**Dataset entries**:
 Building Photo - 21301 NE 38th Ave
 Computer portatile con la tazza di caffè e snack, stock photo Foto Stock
* * *
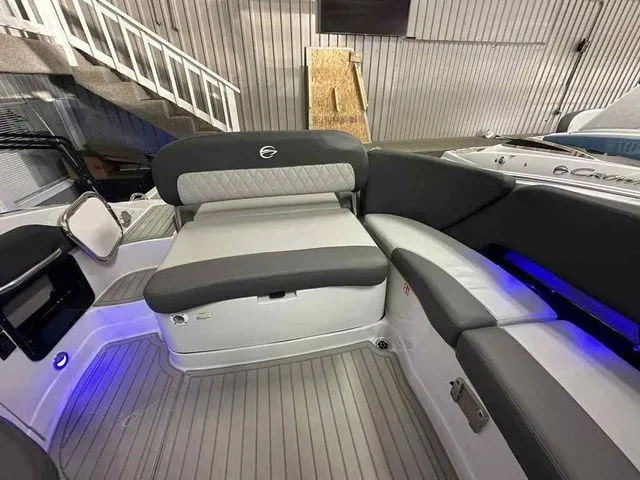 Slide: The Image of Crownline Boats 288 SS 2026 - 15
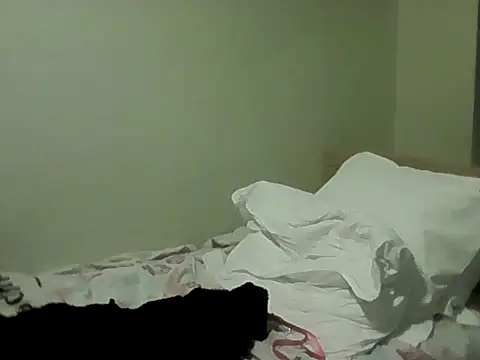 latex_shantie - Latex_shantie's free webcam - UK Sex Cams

**Instructions for the task**: In the records above, find the line with "Slide: The Image" and the line with "latex_shantie - Latex_shantie's", then restate word for word only those two lines and all lines between, omitting pictures.

**Response for this exercise**:
 Slide: The Image of Crownline Boats 288 SS 2026 - 15
 latex_shantie - Latex_shantie's free webcam - UK Sex Cams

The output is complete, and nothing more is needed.